Steve Bannon, Oxford University, and the intellectual fallacy of the Left’s no-platform agenda

The most successful societies are those that empower individuals to speak and act freely. History and the reality of democratic prosperity over authoritarian central planning teaches us that this truth is beyond all logical reproach.

I note this in light of writer Holly Thomas’ guest article for CNN, in which she decries the Oxford Union’s decision to invite Steve Bannon to speak on Friday. The union is the debating institution of Britain’s auspicious Oxford University.

Before we get going, let’s be clear about something: It makes perfect sense for the Oxford Union to invite Bannon to speak. Bannon is the architect of President Trump’s stunning electoral victory in 2016 and the ideological and organizational driving force behind many growing populist-right movements in Europe. These factors make Bannon not just a preferable speaker for an institution like the Oxford Union, but a supremely desirable one.

That’s not because Bannon is necessarily right about what he says, but because what he says finds a great wellspring of sympathy around the world and is reflective of a growing political power. These things are worthy of our understanding. To his credit, Oxford Union President Stephen Horvarth recognizes this. Speaking to the Oxford Student newspaper, Horvarth noted that Bannon’s speech would offer the union’s members the opportunity “to critically question and debate the ideas and rhetoric” that Bannon purveys. Horvarth’s understanding is in the finest traditions of free inquiry.

Thomas sees it differently. She suggests that inviting Bannon is wrong because “[i]f flexing the intellectual muscles of a group of students comes at the cost of amplifying a man whose political program thus far has endangered the lives of thousands — even millions — of people across the world, and who is not done yet, it is not worth it.”

Putting aside Thomas’ utterly absurd narrative here that Bannon “has endangered the lives of … even millions” (if the Left wants to play that game, let’s consider how many lives socialist ideology has directly harmed), I take issue with her suggestion that Bannon’s only value to the Oxford Union is the “flexing” of “intellectual muscles.”

Thomas’ implication here is that this “flexing” is worthless in that it represents only a base physical force rather than the expansion of the brain.
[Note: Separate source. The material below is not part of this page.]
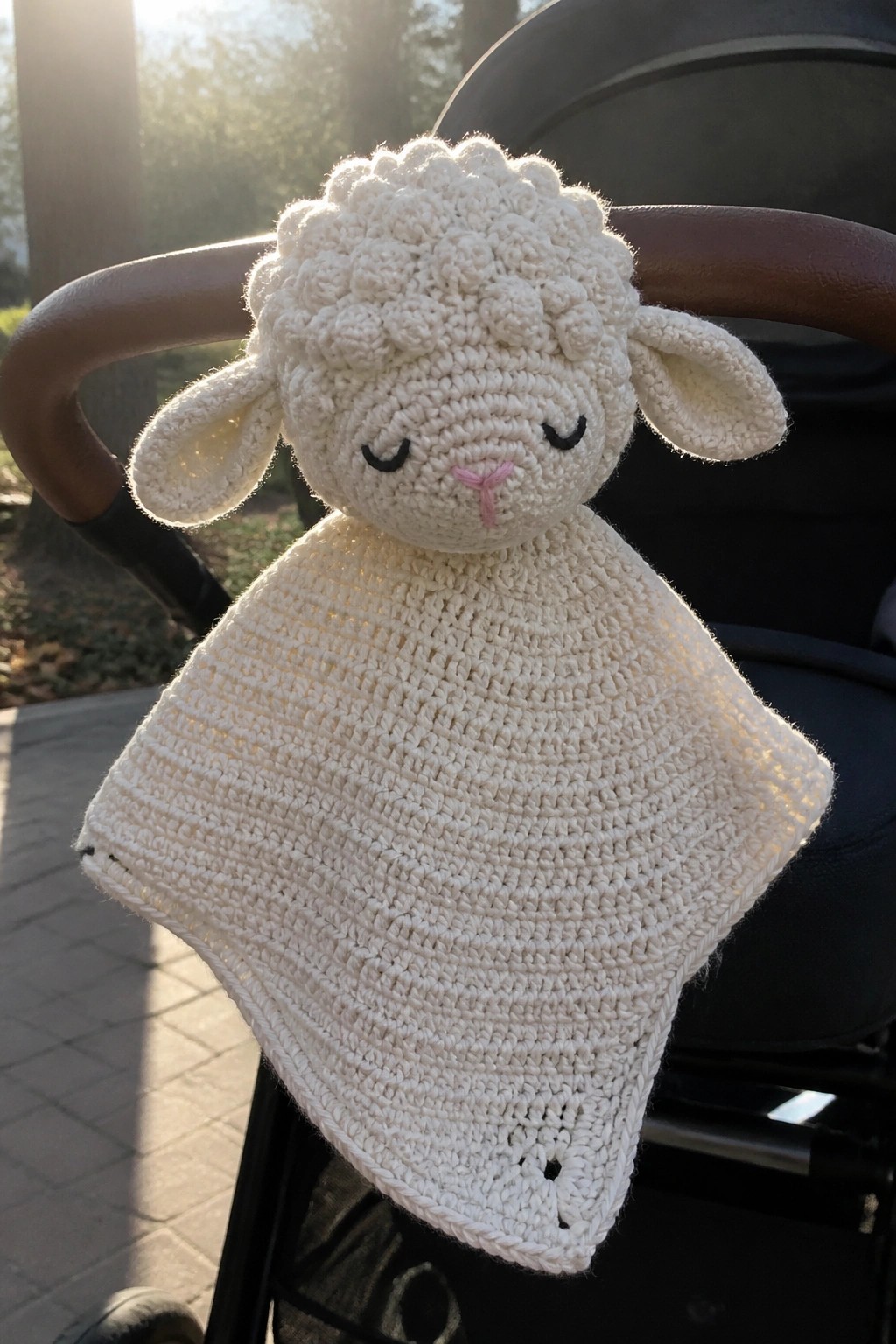White crocheted lamb with closed eyes on square blanket over stroller in sunlight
That is patently untrue. Bannon might be a passionate ideologue, but he’s also a powerful intellect. Matched against the other powerful intellects of the Oxford Union, the expectation of great contemplation arises from Bannon’s presentation.
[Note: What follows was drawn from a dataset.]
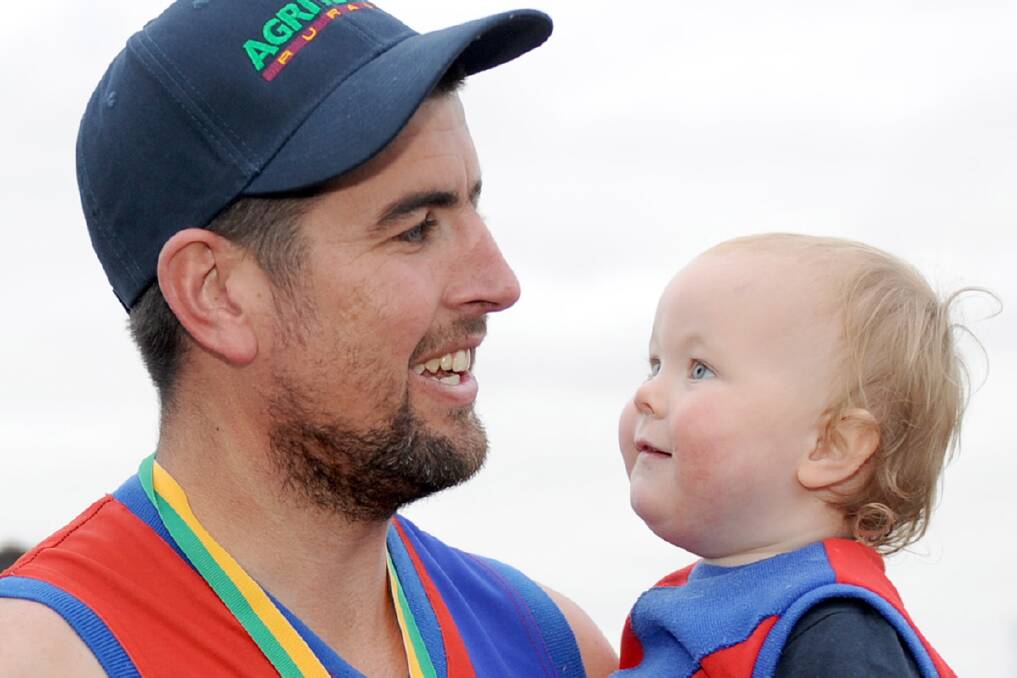 Tim Wade with son, Baxter. Kalkee's fifth senior premiership in the Horsham District Football League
Yet even if its censorship ambition is decidedly defective, there is some value in Thomas’ op-ed. Thomas at least has the courage to admit the authoritarian impulses that sustain the anti-speech Left’s penchant. We see this when Thomas declares, “Freedom, though, is a currency whose value tends to diminish in proportion to the amount one has of it. It is easy, when one has only ever known an abundance of freedom, to take it for granted.”

Think on those words: “Freedom, though, is a currency whose value tends to diminish in proportion to the amount one has of it.” That isn’t a call for introspective self-censorship, its an endorsement of the most basic of authoritarian narratives: the idea that individuals cannot be trusted nor empowered with the discretion to speak and think freely. Few sentences can be as disheartening as Thomas’ to those of us who love freedom.